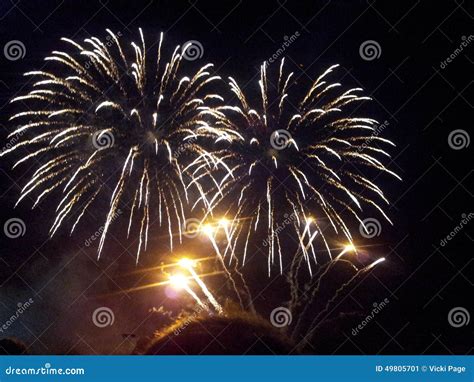 5th November Fireworks Night Stock Image - Image of crowd, display ...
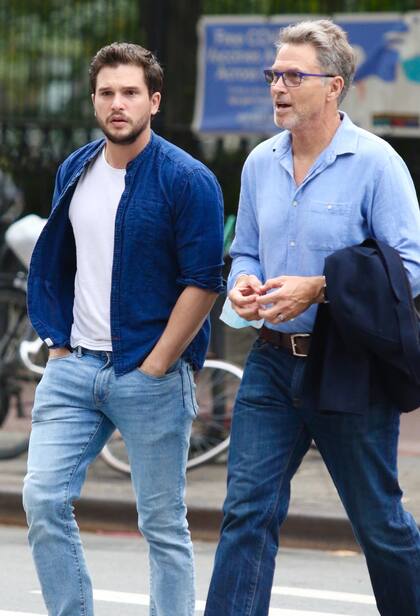 Charla de amigos. Kit Harington y Tim Daly se juntaron a comer en el centro de Manhattan 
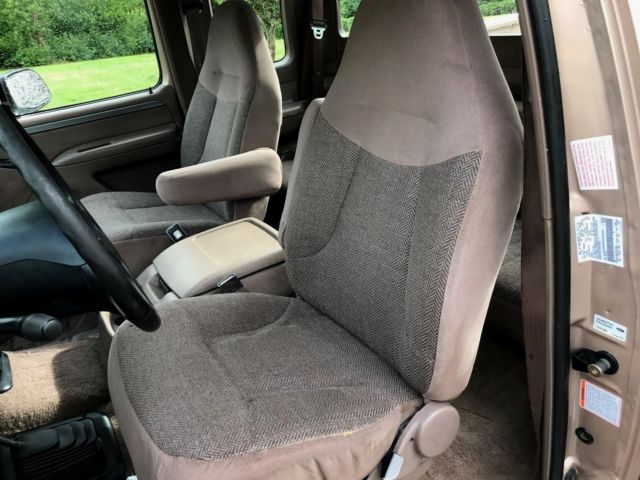 1993 Ford F-250 XLT - photo 8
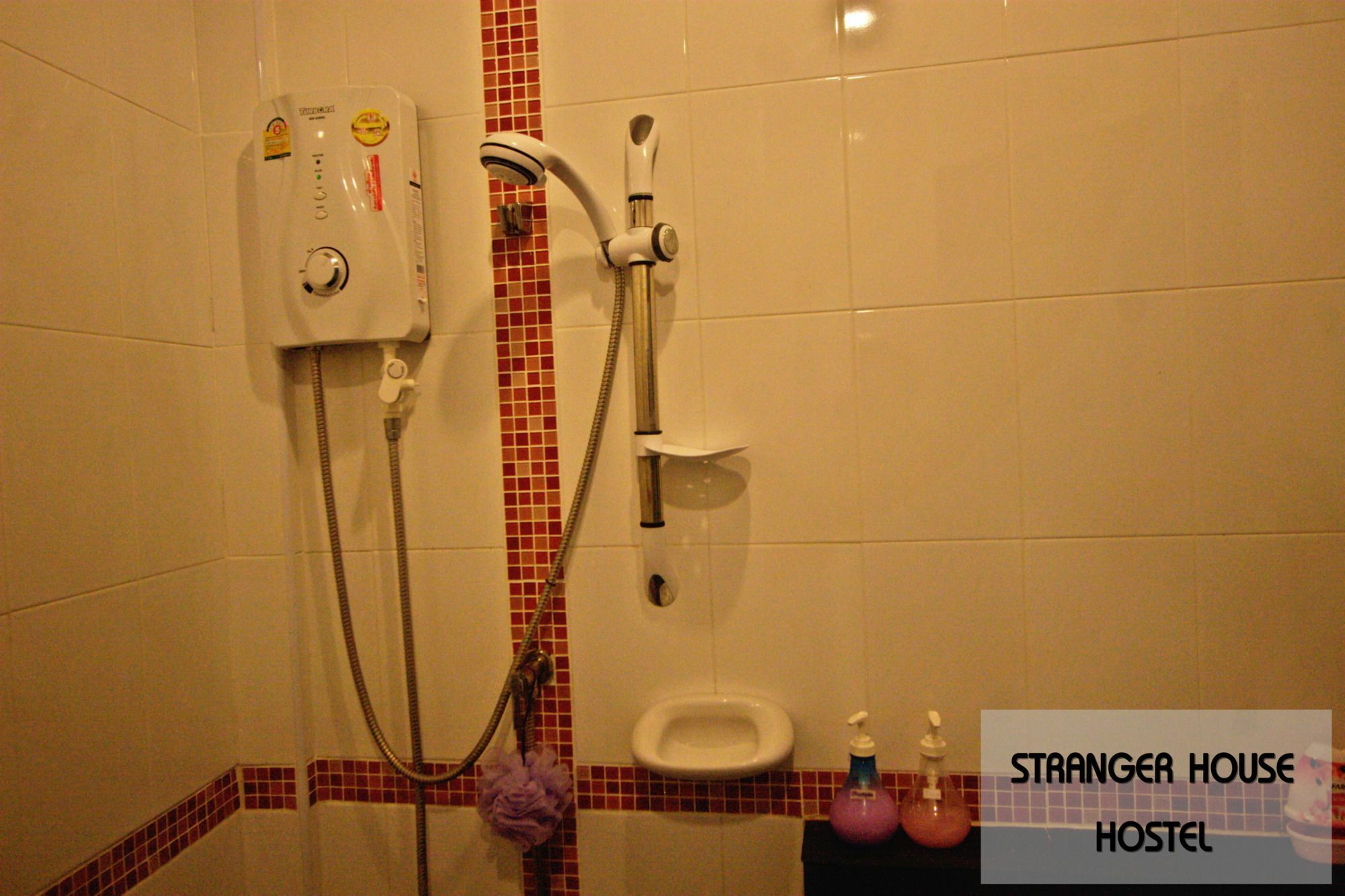 Stranger House Hostel Chiang Mai Bagian luar foto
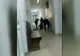 Revoltător! Bărbat târat pe hol și dat afară CU MĂTURA din spital
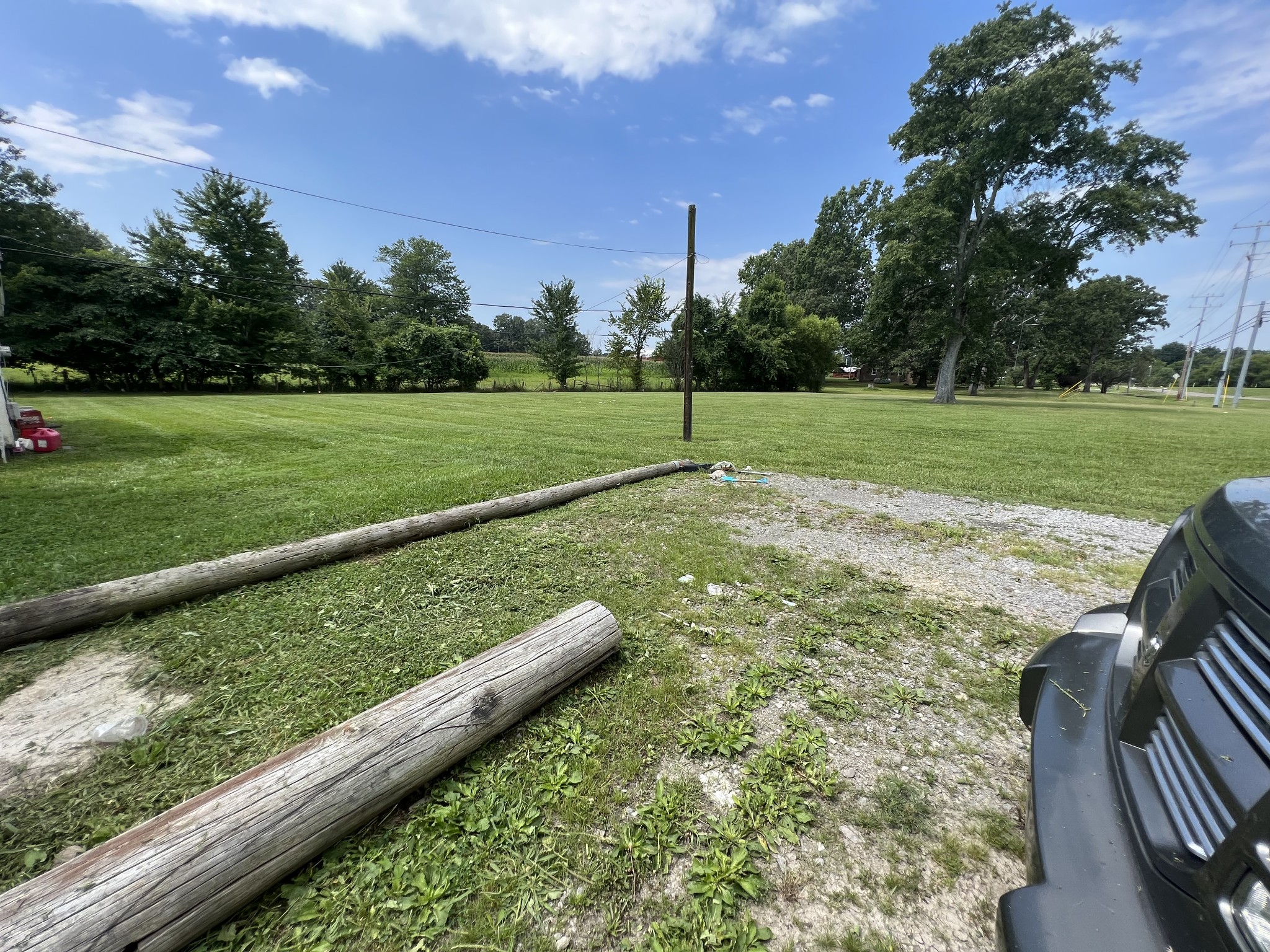 1400 Old Dover Road Clarksville, TN 37042 - Photo 7 of 65 a view of a green field with wooden fence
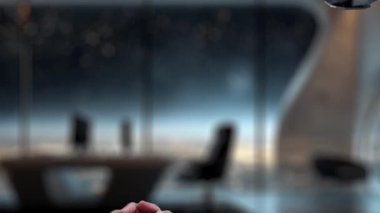 Bir insan eli, çağdaş bir ofiste parlayan geri bildirim yıldızlarıyla birlikte teknolojinin ve müşteri memnuniyetinin kaynaşmasını temsil eden robotik bir ele uzanır. Auvana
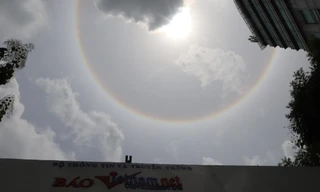 Vầng hào quang mặt trời tuyệt đẹp xuất hiện tại TPHCM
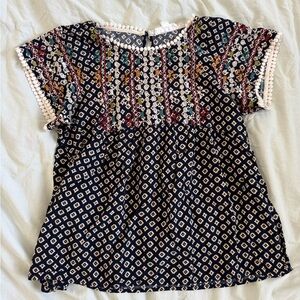 Black patterned top with some crochet size small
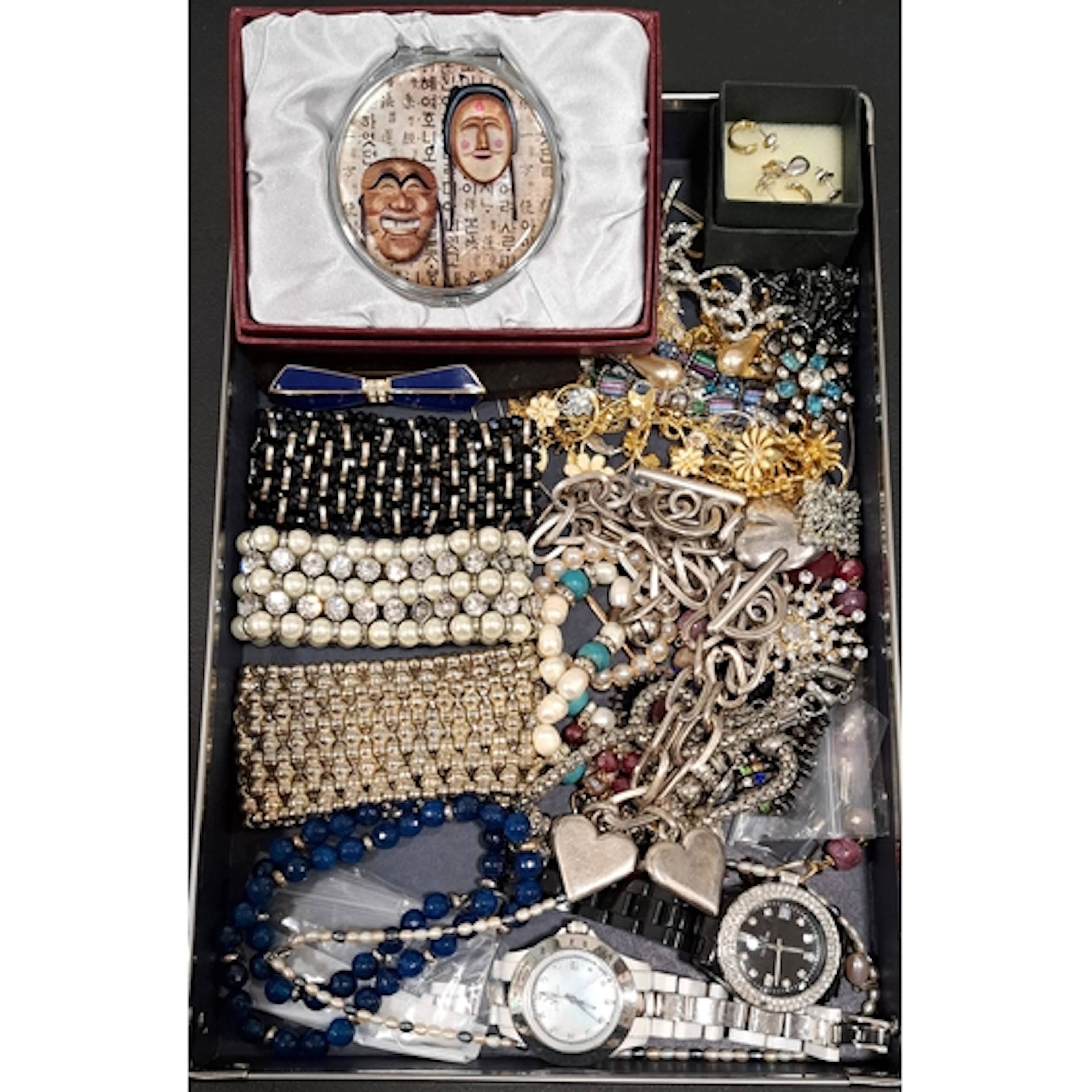 SELECTION OF SILVER AND OTHER COSTUME JEWELLERY including a ...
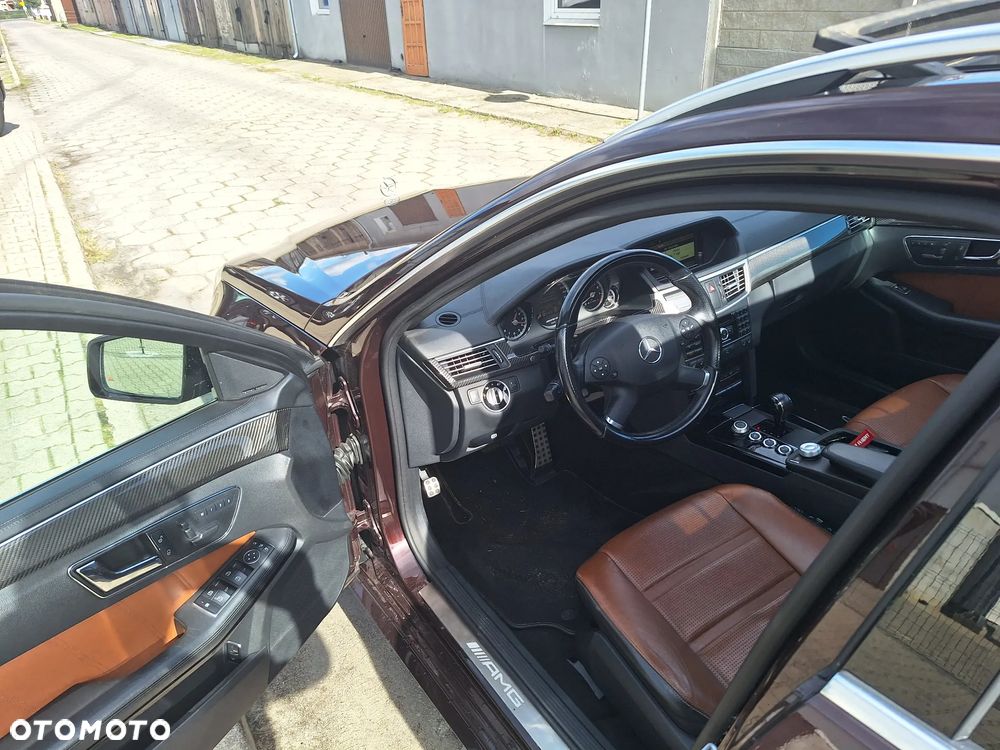 Mercedes-Benz Klasa E 63 AMG T AMG Speedshift 7G-MCT - 9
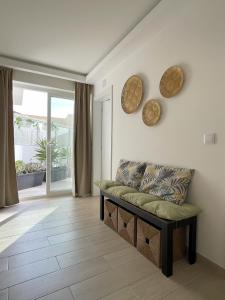 salon z kanapą i oknem w obiekcie Blue House w Costa de Caparica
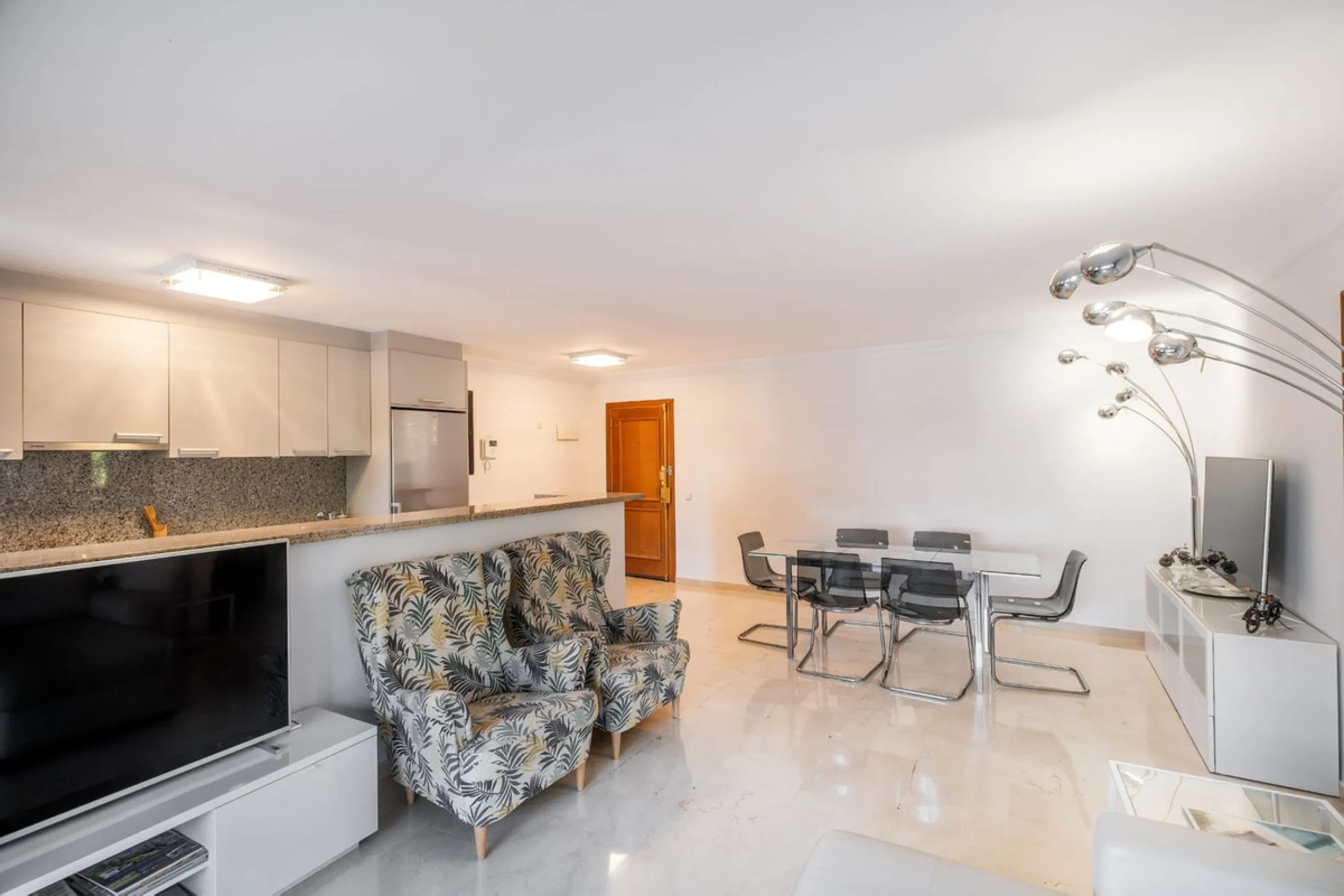 Apartment - Middle Floor Apartment в продаже в Marbella, Málaga. В доме 2 спален и 2 ванных комнат. Площадь дома 107 м²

== Activity ==
Transcribe, from the records above, the first line and every line after it up to and including the line with "salon z kanapą"; omit pictures.

== Your solution ==
 5th November Fireworks Night Stock Image - Image of crowd, display ...
 Charla de amigos. Kit Harington y Tim Daly se juntaron a comer en el centro de Manhattan 
 1993 Ford F-250 XLT - photo 8
 Stranger House Hostel Chiang Mai Bagian luar foto
 Revoltător! Bărbat târat pe hol și dat afară CU MĂTURA din spital
 1400 Old Dover Road Clarksville, TN 37042 - Photo 7 of 65 a view of a green field with wooden fence
 Bir insan eli, çağdaş bir ofiste parlayan geri bildirim yıldızlarıyla birlikte teknolojinin ve müşteri memnuniyetinin kaynaşmasını temsil eden robotik bir ele uzanır. Auvana
 Vầng hào quang mặt trời tuyệt đẹp xuất hiện tại TPHCM
 Black patterned top with some crochet size small
 SELECTION OF SILVER AND OTHER COSTUME JEWELLERY including a ...
 Mercedes-Benz Klasa E 63 AMG T AMG Speedshift 7G-MCT - 9
 salon z kanapą i oknem w obiekcie Blue House w Costa de Caparica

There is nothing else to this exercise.